In response to transforming growth factor beta (TGF-beta), Smad4 forms complexes with activated Smad2 and Smad3, which accumulate in the nucleus, where they both positively and negatively regulate TGF-beta target genes. Mutation or deletion of Smad4 is found in about 50% of pancreatic tumors and in about 15% of colorectal tumors. As Smad4 is a central component of the TGF-beta/Smad pathway, we have determined whether Smad4 is absolutely required for all TGF-beta responses, to evaluate the effect of its loss during human tumor development. We have generated cell lines from the immortalized human keratinocyte cell line HaCaT or the pancreatic tumor cell line Colo-357, which stably express a tetracyline-inducible small interfering RNA targeted against Smad4. In response to tetracycline, Smad4 expression is effectively silenced. Large-scale microarray analysis identifies two populations of TGF-beta target genes that are distinguished by their dependency on Smad4. Some genes absolutely require Smad4 for their regulation, while others do not.
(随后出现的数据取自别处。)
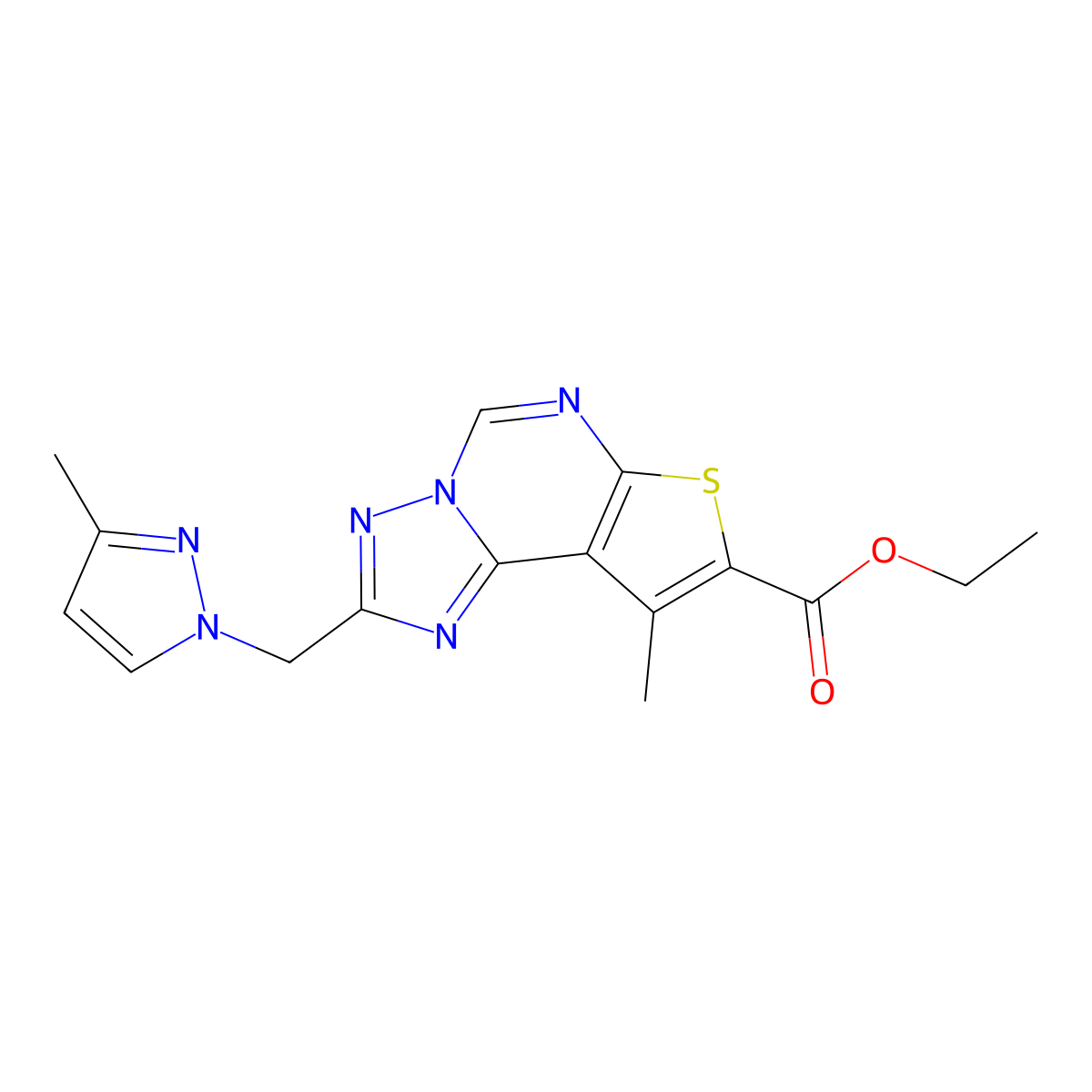 ethyl 9-methyl-2-[(3-methyl-1H-pyrazol-1-yl)methyl]thieno[3,2-e][1,2,4]triazolo[1,5-c]pyrimidine-8-carboxylate molecular structure, CAS 1005586-23-1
Functional analysis also indicates a differential Smad4 requirement for TGF-beta-induced functions; TGF-beta-induced cell cycle arrest and migration, but not epithelial-mesenchymal transition, are abolished after silencing of Smad4. Altogether our results suggest that loss of Smad4 might promote TGF-beta-mediated tumorigenesis by abolishing tumor-suppressive functions of TGF-beta while maintaining some tumor-promoting TGF-beta responses.

摘要

在对转化生长因子β(TGF-β)的应答中,Smad4与活化的Smad2和Smad3形成复合物,这些复合物在细胞核中积累,在细胞核中它们对TGF-β靶基因进行正调控和负调控。在约50%的胰腺肿瘤和约15%的结肠直肠肿瘤中发现了Smad4的突变或缺失。由于Smad4是TGF-β/Smad信号通路的核心组成部分,我们已确定Smad4对于所有TGF-β应答是否绝对必需,以评估其在人类肿瘤发生过程中缺失的影响。我们从永生化的人角质形成细胞系HaCaT或胰腺肿瘤细胞系Colo-357中生成了细胞系,这些细胞系稳定表达针对Smad4的四环素诱导型小干扰RNA。在四环素作用下,Smad4的表达被有效沉默。大规模微阵列分析确定了两类TGF-β靶基因,它们因其对Smad4的依赖性而有所区别。一些基因的调控绝对需要Smad4,而另一些则不需要。功能分析还表明,TGF-β诱导的功能对Smad4的需求存在差异;Smad4沉默后,TGF-β诱导的细胞周期停滞和迁移被消除,但上皮-间质转化未受影响。我们的结果总体表明,Smad4的缺失可能通过消除TGF-β的肿瘤抑制功能同时维持一些促进肿瘤的TGF-β应答来促进TGF-β介导的肿瘤发生。